AtomicReference, I don't get it

I think you may be misinterpreting the purpose of the logic. From my understanding (caveat emptor) this logic is trying to do no more than to ensure that the return value is the immediate predecessor to the value you are setting. For example, if you try to set a value, which is currently 4, to 10 and it didn't have this logic it may return "4" even though between the read and the write something else set it to 7. So that would return 4 and this would return 7 and the final value would be 10, or that would return 10 and this would return 4 and the final value would be 7. I don't think the method or its intended users care about what value "wins", only that you don't have both of them return 4.

Hi Scott, I get what you're saying as that is my understanding of how is was suppose to be used. However...

getAndSet

public final V getAndSet(V newValue)

• Set to the given value and return the old value.

• Parameters:

• newValue - the new value

• Returns:

• the previous value

The javadoc doesn't suggest that having multiple threads updating this data structure will result in a race condition.

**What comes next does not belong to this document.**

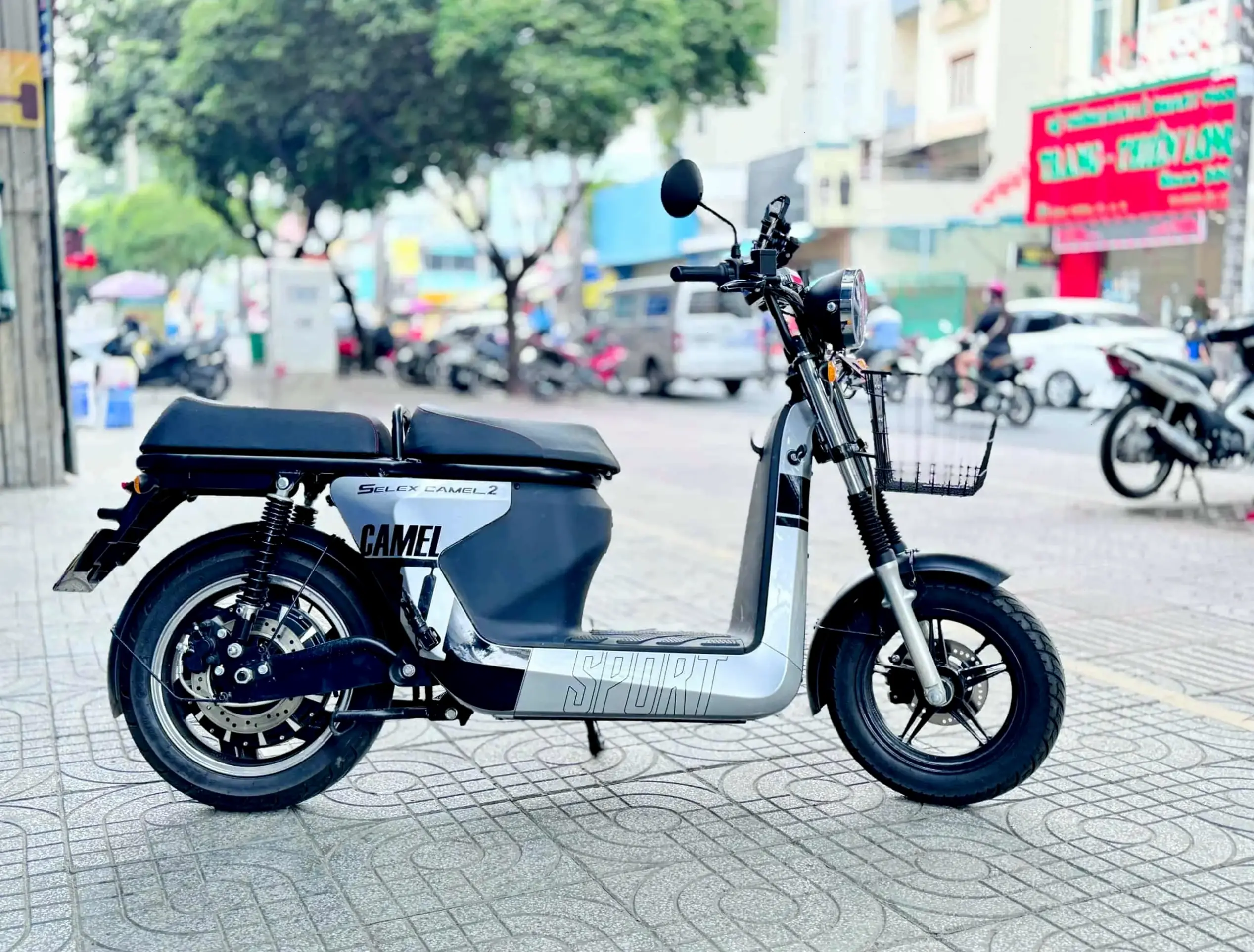 Selex Camel 2 Urban Scooter hoàn hảo cho thành phố, linh hoạt và dễ dàng di chuyển hàng ngày.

I have to agree with Scott. It seems to me that the intent is to assure that no other thread changed the value during the course of the get() and the CAS. It does that.

I am unclear what you mean by "win" in this case, or even exactly how this is a race condition. To succeed, a thread needs to execute the get() and the CAS atomically; to fail it means some other thread managed to do that *in between* the get() and CAS of the current thread. So I'm not clear on what it means to be "the loser of the race condition"; the code as written ensures that an N calls to getAndSet() will occur atomically; actually, they will behave serially, with any given call returning the value which was last set prior to the successful CAS. However, the code does not impose that the first thread to attempt the get() + CAS pair will be the first to succeed -- based on hardware vagaries it may not be or so. But that is hardly losing.

It seems to me it guarantees exactly what the javadoc says -- it will set it to the specified value, and return the old value. Nowhere does the javadoc make a claim as to the fairness of this behavior in terms of ordering. It further defines "old value" as the last value the object held prior to a successful CAS -- not the value at the time the getAndASet call was made. You can't argue that is wrong interpretation, though you might favor other interpretations more.

Ok, let me rephrase this. What value does CAS in a loop like this have over volatile?

- in java synchronization allows you to do two things - atomic compound operation and it ensures visibility of shared data

• - volatile is capable of ensuring the visibility issue, but not the atomic operations(one variable depends on the other)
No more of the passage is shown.